◆ **ABOUT THIS TASK**
Please copy every line below that contains the string "master".

◆ **DATA TO USE**
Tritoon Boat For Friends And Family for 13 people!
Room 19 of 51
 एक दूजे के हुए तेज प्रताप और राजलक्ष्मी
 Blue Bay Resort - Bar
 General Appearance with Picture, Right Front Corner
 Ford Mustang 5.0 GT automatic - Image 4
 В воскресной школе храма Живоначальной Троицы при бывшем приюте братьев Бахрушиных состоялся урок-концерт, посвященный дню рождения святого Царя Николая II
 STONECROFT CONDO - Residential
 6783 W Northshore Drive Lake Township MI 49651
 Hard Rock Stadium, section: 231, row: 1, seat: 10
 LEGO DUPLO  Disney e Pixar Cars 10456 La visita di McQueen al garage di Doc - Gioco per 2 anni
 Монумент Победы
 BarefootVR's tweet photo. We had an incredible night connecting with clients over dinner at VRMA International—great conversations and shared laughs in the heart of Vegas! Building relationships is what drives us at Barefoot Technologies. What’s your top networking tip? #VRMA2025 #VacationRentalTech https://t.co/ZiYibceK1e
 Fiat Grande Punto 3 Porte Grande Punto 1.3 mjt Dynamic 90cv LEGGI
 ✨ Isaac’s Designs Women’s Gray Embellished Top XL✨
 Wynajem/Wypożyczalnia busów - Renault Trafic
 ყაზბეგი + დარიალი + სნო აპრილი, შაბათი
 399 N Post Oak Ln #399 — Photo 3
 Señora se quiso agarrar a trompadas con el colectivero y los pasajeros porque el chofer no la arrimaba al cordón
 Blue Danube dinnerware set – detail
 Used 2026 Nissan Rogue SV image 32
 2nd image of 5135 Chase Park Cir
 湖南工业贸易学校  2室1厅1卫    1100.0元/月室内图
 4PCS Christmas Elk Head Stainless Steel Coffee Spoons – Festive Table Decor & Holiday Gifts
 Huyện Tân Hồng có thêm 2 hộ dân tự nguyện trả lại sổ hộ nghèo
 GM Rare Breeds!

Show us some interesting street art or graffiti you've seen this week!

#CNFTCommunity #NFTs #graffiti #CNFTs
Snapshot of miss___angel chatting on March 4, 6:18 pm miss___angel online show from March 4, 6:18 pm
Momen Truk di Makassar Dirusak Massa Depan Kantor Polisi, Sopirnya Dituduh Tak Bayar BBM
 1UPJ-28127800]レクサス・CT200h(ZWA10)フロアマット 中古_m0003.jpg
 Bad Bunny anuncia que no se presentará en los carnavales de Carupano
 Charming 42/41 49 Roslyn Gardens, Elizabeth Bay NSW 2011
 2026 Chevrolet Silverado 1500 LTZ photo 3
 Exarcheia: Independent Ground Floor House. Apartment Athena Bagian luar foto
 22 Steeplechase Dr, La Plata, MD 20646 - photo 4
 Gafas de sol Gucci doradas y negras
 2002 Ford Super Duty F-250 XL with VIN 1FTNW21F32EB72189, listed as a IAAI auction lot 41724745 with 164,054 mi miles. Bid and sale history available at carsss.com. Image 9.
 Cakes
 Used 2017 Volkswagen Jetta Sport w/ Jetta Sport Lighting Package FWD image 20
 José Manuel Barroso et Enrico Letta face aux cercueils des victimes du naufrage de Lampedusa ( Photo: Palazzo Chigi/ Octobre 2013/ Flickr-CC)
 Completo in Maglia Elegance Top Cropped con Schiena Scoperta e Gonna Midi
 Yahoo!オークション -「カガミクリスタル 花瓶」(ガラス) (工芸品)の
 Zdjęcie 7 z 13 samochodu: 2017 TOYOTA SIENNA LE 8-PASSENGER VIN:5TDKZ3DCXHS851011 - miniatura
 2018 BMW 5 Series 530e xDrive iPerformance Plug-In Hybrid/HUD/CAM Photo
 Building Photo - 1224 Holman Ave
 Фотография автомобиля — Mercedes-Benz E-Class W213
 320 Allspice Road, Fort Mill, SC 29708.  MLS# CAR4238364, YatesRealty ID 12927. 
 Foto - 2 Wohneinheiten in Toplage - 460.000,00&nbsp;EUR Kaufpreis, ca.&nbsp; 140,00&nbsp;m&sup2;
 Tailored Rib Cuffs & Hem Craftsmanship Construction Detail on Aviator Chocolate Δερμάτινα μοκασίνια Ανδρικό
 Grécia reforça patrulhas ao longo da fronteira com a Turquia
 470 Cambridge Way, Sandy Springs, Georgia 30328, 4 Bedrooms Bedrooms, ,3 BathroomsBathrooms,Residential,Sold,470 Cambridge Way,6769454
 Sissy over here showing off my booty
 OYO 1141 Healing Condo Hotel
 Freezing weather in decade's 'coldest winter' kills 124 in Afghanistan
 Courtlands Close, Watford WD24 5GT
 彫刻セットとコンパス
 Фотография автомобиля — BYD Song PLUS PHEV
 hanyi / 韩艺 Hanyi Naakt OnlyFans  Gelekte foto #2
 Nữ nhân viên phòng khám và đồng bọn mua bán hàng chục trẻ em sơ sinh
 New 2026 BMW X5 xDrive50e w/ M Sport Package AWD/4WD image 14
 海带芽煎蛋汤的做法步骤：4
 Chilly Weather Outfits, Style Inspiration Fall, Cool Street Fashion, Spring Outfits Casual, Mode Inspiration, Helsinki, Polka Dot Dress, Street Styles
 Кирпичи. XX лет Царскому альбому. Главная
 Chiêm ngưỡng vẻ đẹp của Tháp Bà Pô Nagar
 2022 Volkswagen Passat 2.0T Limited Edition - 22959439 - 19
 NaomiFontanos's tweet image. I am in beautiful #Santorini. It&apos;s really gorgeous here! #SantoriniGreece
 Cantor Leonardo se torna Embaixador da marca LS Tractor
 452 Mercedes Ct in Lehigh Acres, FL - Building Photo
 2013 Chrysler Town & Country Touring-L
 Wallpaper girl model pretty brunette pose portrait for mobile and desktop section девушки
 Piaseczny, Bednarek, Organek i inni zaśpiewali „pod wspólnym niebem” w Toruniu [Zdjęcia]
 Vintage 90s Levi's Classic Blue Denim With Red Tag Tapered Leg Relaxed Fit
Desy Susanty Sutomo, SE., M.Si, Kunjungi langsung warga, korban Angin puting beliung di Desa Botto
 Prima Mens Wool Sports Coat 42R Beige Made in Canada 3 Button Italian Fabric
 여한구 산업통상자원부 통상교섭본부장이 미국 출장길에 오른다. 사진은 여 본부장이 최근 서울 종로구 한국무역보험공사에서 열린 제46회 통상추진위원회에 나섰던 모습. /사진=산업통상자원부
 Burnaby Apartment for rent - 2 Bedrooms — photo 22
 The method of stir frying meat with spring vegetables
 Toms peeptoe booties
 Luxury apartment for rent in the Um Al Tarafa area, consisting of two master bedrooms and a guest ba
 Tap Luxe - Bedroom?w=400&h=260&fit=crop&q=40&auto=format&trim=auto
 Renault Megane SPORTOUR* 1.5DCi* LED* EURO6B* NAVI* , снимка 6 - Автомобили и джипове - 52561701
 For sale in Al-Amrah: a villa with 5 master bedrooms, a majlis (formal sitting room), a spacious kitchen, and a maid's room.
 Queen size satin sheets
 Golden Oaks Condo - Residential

◆ **SOLUTION FOR THIS PROBLEM**
 Luxury apartment for rent in the Um Al Tarafa area, consisting of two master bedrooms and a guest ba
 For sale in Al-Amrah: a villa with 5 master bedrooms, a majlis (formal sitting room), a spacious kitchen, and a maid's room.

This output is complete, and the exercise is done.